Chronique

Tigran Hamasyan - Aratta Rebirth

Red Hail

Tigran Hamasyan (p, kb), Nate Wood (dr), Areni Agbabian (voc), Ben Wendel (as,ts, basson, melodica), Sam Minaie (b, cb), Charles Altura (g)

Label / Distribution : Plus Loin Music / Abeille Musique

Très attendu, ce troisième album de Tigran Hamasyan, dans tous les sens du terme. Attendu comme le messie par ceux qui, déjà, vouent un culte à ce musicien de vingt-deux ans au parcours sidérant (prix Thelonious Monk à dix-neuf ans !) ; attendu au tournant par ceux qui se plaisent à débusquer la fissure sous les sans-faute trop lisses. Red Hail ne mérite sans doute ni cet excès d’honneur ni cette indignité.

Ce n’est pas rien d’être un jeune prodige : le public attend toujours de vous un propos d’une maturité en rapport avec votre maîtrise instrumentale et votre aisance dans le maniement du langage musical : harmonie, mélodie, rythmiques. Tigran Hamasyan, virtuose à la technique imparable, mélodiste, fin harmoniste, reste un très jeune homme qui a, certes, une carrière déjà conséquente et deux albums derrière lui, mais qui vit aussi les impatiences et les questionnements de son âge. Les coups de génie et les impasses.

World Passion et New Era faisaient cohabiter deux veines : l’une « jazz classique » (« What Is This Thing Called Love », « Solar », « Well You Needn’t ») et l’autre faite de compositions personnelles fortement imprégnées de traditionnels arméniens. Red Hail rompt avec la la première et enfonce le clou de la seconde.
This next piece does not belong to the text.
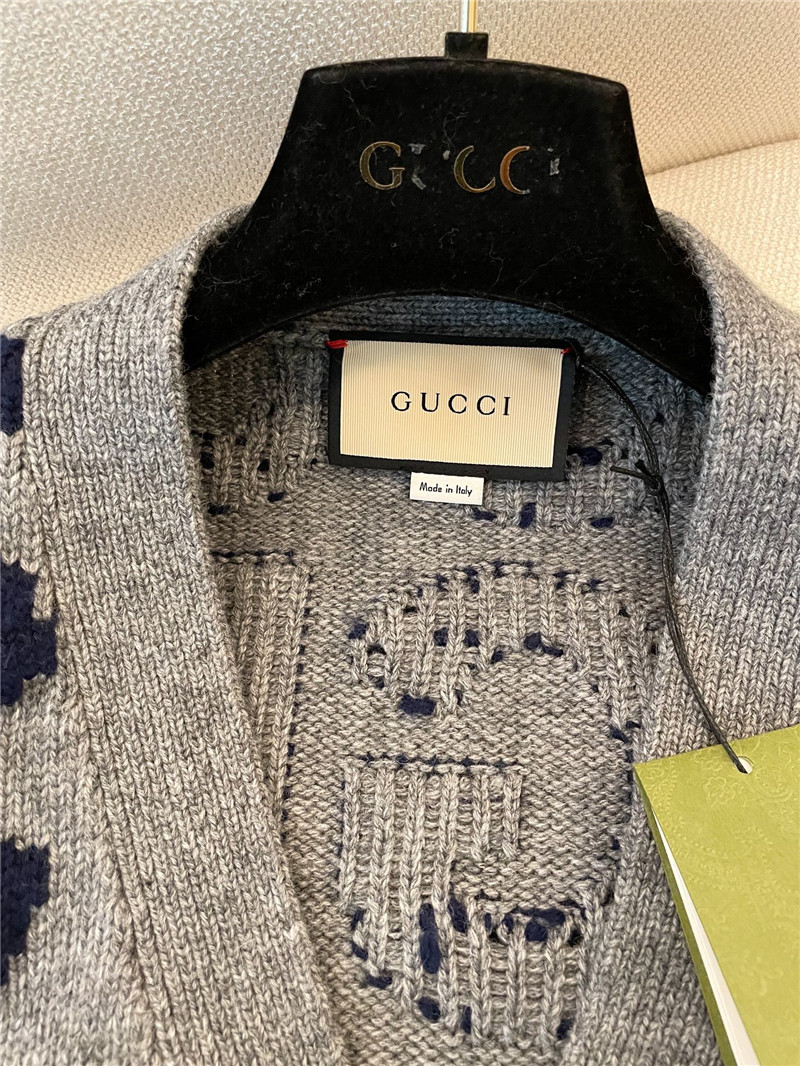 Gvc*1 logo intarsia button-up cardigan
Cela lui réussit dans le premier titre, « Shogher Jan » [1], un traditionnel qu’il enrichit en brisant le ronronnement ternaire, en l’additionnant d’une mélodie sous-jacente reprise plus tard en guise de vamp finale. La voix d’Areni Agbabian accentue encore la couleur du morceau, qui rappelle Return To Forever première manière : on pense très précisément à Flora Purim dans « Five Hundred Miles High ».

Cela fonctionne beaucoup moins bien avec un autre traditionnel, « Amran Gisher » qui, chanté à deux voix a capella, prend des allures d’hymne national bien loin des paroles sentimentales de l’original [2].

Du côté des compositions personnelles, Tigran Hamasyan est, là encore, clairement sous influence de Return To Forever : c’est manifeste dans la première partie de « The Glass-Hearted Queen », sur « Love Song » ou « Falling ». Ça l’est aussi, mais pour la période post-1972 (après le départ d’Airto Moreira et de Flora Purim), dans le reste de l’album : « The Awakening Of Mher » et le Fender Rhodes de « Serpentine » portent des traces de Hymn To The Seventh Galaxy, mêlées d’influences hard-rock - les riffs tranchants de « Red Hail » ou « Corrupt » -, ou hip-hop avec le scat du batteur Nate Wood sur « Falling » [3]. Les thèmes annexes d’un morceau sont développés dans un autre, la ligne de basse devient mélodie, la mélodie devient riff, tout cela fait preuve d’une pensée architecturale certaine.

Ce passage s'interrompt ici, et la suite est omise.